Big Data, corrélation et causalité

Le Big Data : superbe marmite magique qui avale sans distinction des données issues de formulaires, des réseaux sociaux, d’images, d’emails et dont émerge des corrélations insoupçonnées nous épargnant ainsi de laborieuses quêtes de causalités. Est-ce bien raisonnable ? N’y a-t-il pas risque d’erreurs ?

La marmite n’ayant que peu de panache, parlons plutôt du concept d’architecture Data Lake, de données structurées et non structurées et de Hadoop. Les données sont stockées sans idées préconçues quant à leur future utilisation. Elles sont ouvertes à tout traitement a posteriori. La souplesse est totale, il n’y a pas de hiérarchisation. Les requêtes sont examinées à la lecture et non pas prévues à l’écriture comme dans les bases de données « classiques ».

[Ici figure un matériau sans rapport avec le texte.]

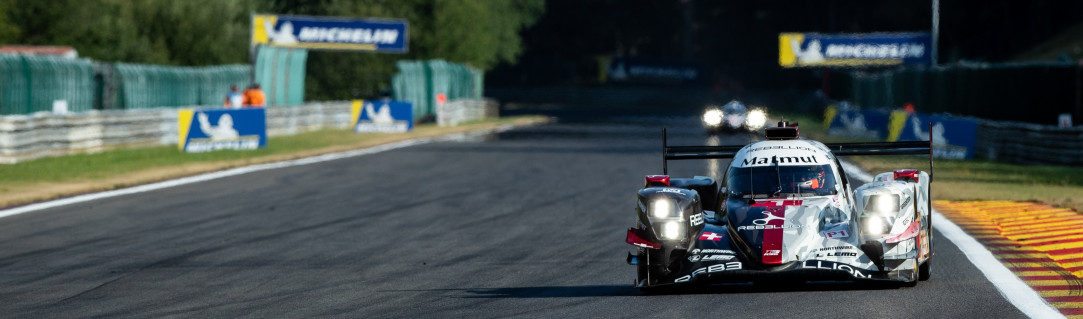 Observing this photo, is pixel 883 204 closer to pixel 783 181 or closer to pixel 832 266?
pixel 783 181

C’est par exemple la démarche suivie par la CIA pour engranger grâce à l’infrastructure Amazon Web Services tout type d’information. Le responsable du département technologique de la CIA, Gus  Hunt, est très précis : «We Try To Collect Everything And Hang On To It Forever ». On récupère tout et on stocke pour toujours. Pour quels traitements ? On verra plus tard, pas même besoin de les identifier aujourd’hui.

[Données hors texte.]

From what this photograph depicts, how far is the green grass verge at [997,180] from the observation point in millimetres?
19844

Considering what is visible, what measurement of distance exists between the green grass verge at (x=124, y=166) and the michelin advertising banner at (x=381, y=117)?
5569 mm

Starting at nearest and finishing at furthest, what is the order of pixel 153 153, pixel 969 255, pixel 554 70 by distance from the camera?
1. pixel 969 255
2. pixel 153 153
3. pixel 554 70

En pêchant a posteriori dans le grand lac des données ne risque-t-on pas de provoquer l’apparition de quelque artefact trompeur ? Peut-on réellement se passer de connaître la cause ? Faut-il accepter sans état d’âme les vérités sorties du lac ?  Une belle anecdote nous apprend qu’une future maman a été trahie par de petites variations de son mode de consommation. N’ayant pas réussi à remonter à la source, je ne peux en garantir l’authenticité, mais je participe à sa divulgation car l’histoire est mignonne ! Une autre nous apprend que des compagnies d’assurances décèlent de la sorte les sociétaires susceptibles de résilier leur contrat à brève échéance. L’individu est dénoncé, mais on ne maitrise pas les justifications. De même, l’application PredPol indique aux forces de l’ordre où les déploiements seraient judicieux, même si avec le recul la recommandation de placer une voiture de police à deux heures du matin en sortie de boite ne justifiait pas l’utilisation d’un logiciel spécifique. Nous sommes là au cœur d’un débat qui reste vif : corrélation ou causalité ? La machine nous sort une vérité que l’on ne sait pas vérifier ou l’humain trouve cette vérité par le raisonnement ? Scientifiquement, une expérience doit pouvoir être reconduite pour être validée, ce qui n’est plus le cas.

En pratique, piocher sans précaution dans un réservoir de données rend vulnérable à certains biais. En voici trois exemples : les biais de confusion, le paradoxe de Simpson et les corrélations fallacieuses.

Biais de confusion

Prenons la route pour ce premier cas et observons que la majorité des accidents survient sur des trajets de moins de trente kilomètres. Une raison avancée est que l’attention est moindre sur les trajets les plus courts. C’est effectivement la leçon que l’on pourrait tirer de l’extraction directe des données de notre réservoir, mais c’est faire peu de cas de la quantité de trajets de proximité que nous faisons.

Si il y a plus d’accidents sur les trajets de moins de trente kilomètres, c’est parce que la majorité de nos déplacements fait moins de trente kilomètres.

Nous avons là confusion entre deux relations : la première dit qu’un déplacement peut être le théâtre d’un accident et la deuxième que la majorité des déplacements sont courts. Mais en aucun cas ces relations impliquent que les trajets courts sont plus « accidentogènes ». 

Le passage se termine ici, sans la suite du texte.